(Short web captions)
--- START ---
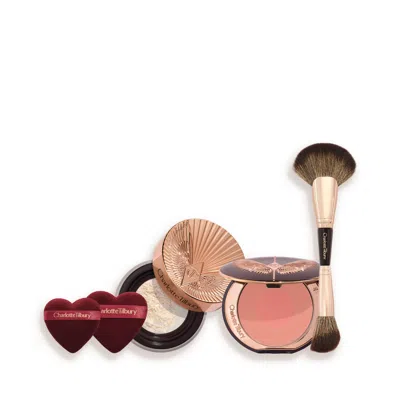 Charlotte Tilbury Airbrush Flawless Easy Blur + Blush Kit - Face Kit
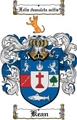 Thumbnail Kean Family Crest  Kean Coat of Arms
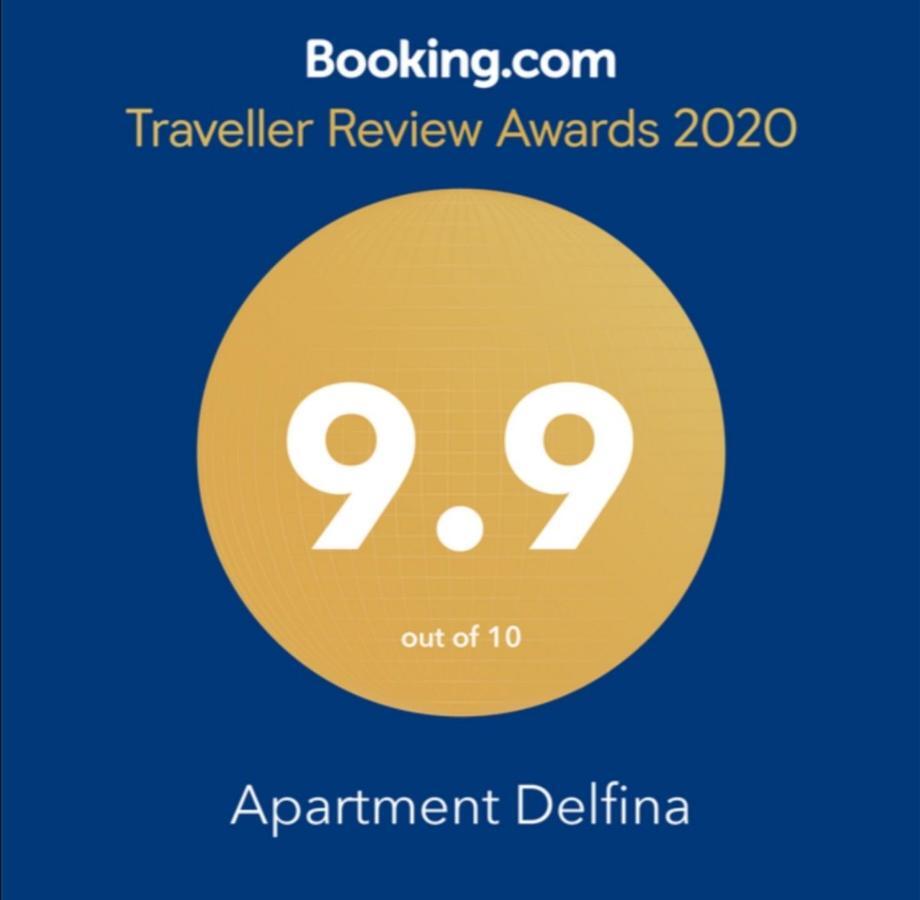 Apartment Delfina 奥赫里德 外观 照片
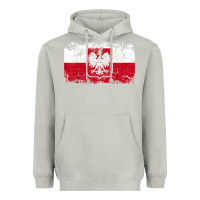 Moon Dust poland polska flag vintage  men women kids  poland t shirt Heavyweight Hoodie - StudioElite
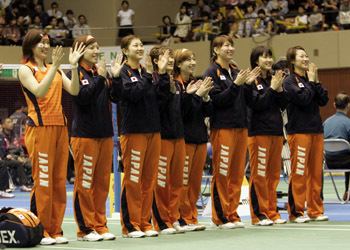 Japan national badminton team wwwbadzinenetwpcontentuploadsNewsbziJapan0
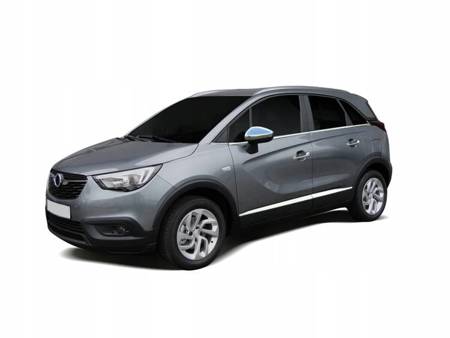 Boční lišty oken Opel Crossland X 2017+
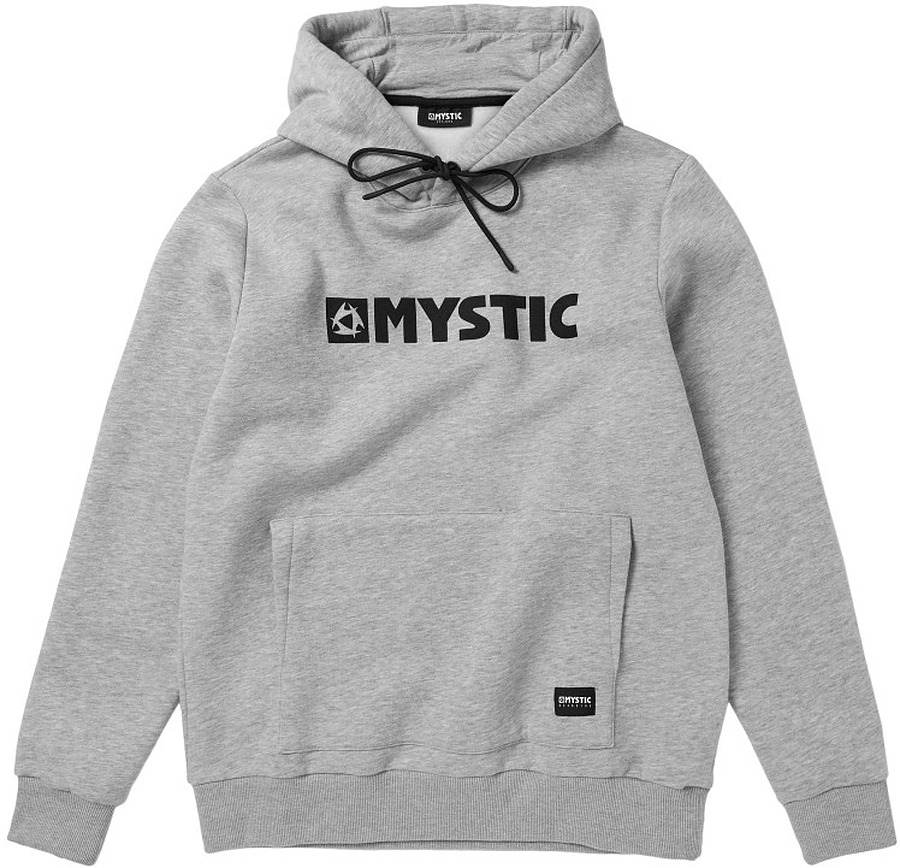 Mystic Brand Hoody Sweater December Sky Melee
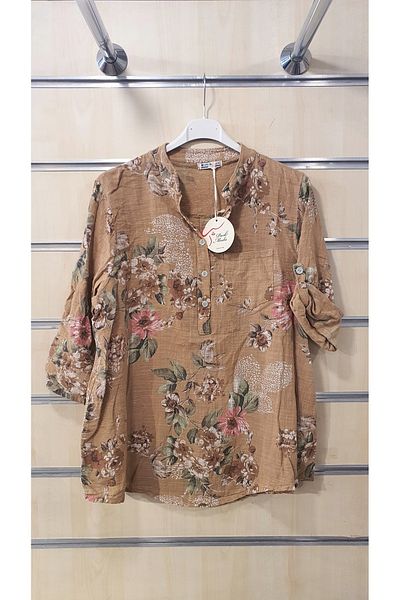Park Moda ИТАЛИАНСКА РИЗА С ДЕСЕН СЛИВОВ ЦВЯТ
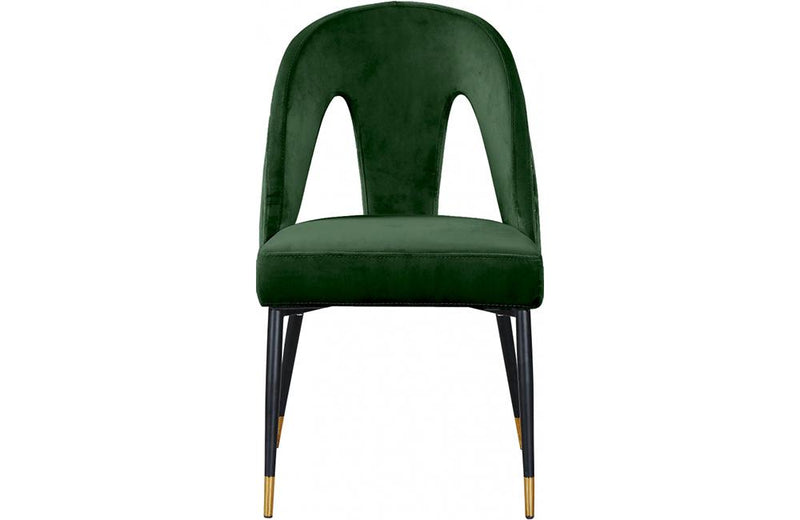 Aada Green Dining Chair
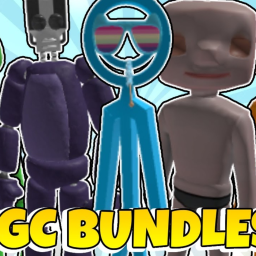 Creppy UGC store with obby!
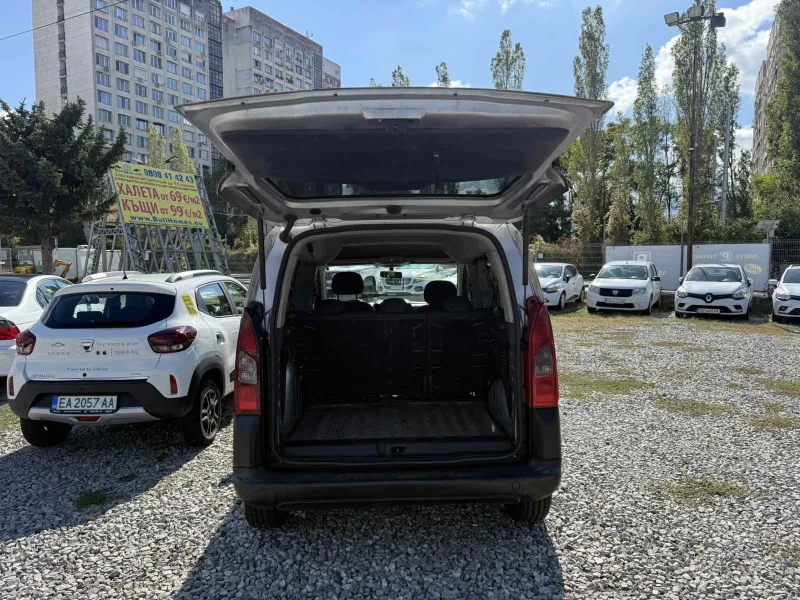 Peugeot Partner 1.6 HDI ПЪТНИЧЕСКИ, снимка 9 - Автомобили и джипове - 52382707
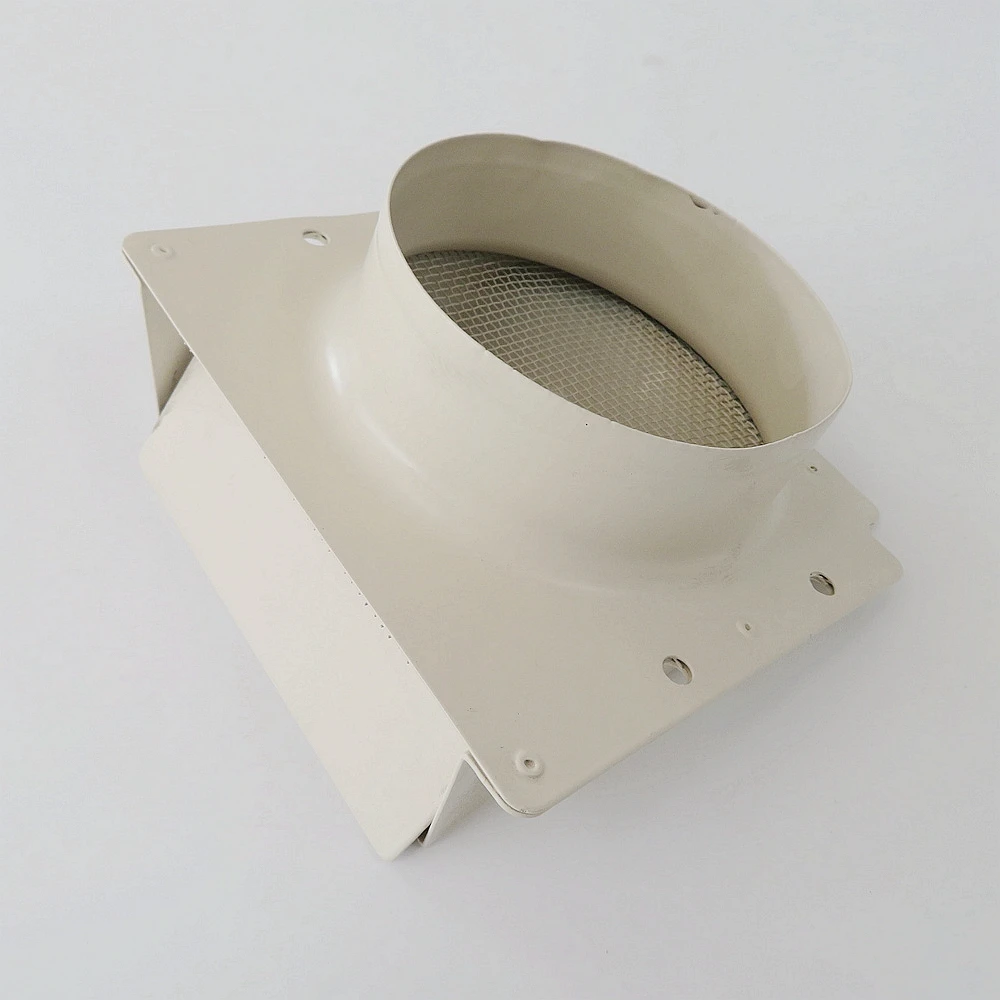 Custom Building Outside Roof Wall HVAC Air Register Grille Ducting Ventilation Cover Air Conditioning Vent Cover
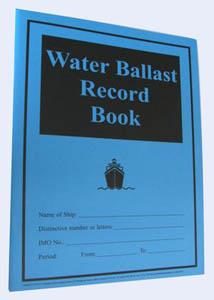 Water Ballast Record Book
--- END ---
**Task objective**
Your answer must be an exact copy of the records, minus any pictures.

**Answer space**
 Charlotte Tilbury Airbrush Flawless Easy Blur + Blush Kit - Face Kit
 Thumbnail Kean Family Crest  Kean Coat of Arms
 Apartment Delfina 奥赫里德 外观 照片
 Moon Dust poland polska flag vintage  men women kids  poland t shirt Heavyweight Hoodie - StudioElite
 Japan national badminton team wwwbadzinenetwpcontentuploadsNewsbziJapan0
 Boční lišty oken Opel Crossland X 2017+
 Mystic Brand Hoody Sweater December Sky Melee
Park Moda ИТАЛИАНСКА РИЗА С ДЕСЕН СЛИВОВ ЦВЯТ
 Aada Green Dining Chair
 Creppy UGC store with obby!
 Peugeot Partner 1.6 HDI ПЪТНИЧЕСКИ, снимка 9 - Автомобили и джипове - 52382707
 Custom Building Outside Roof Wall HVAC Air Register Grille Ducting Ventilation Cover Air Conditioning Vent Cover
 Water Ballast Record Book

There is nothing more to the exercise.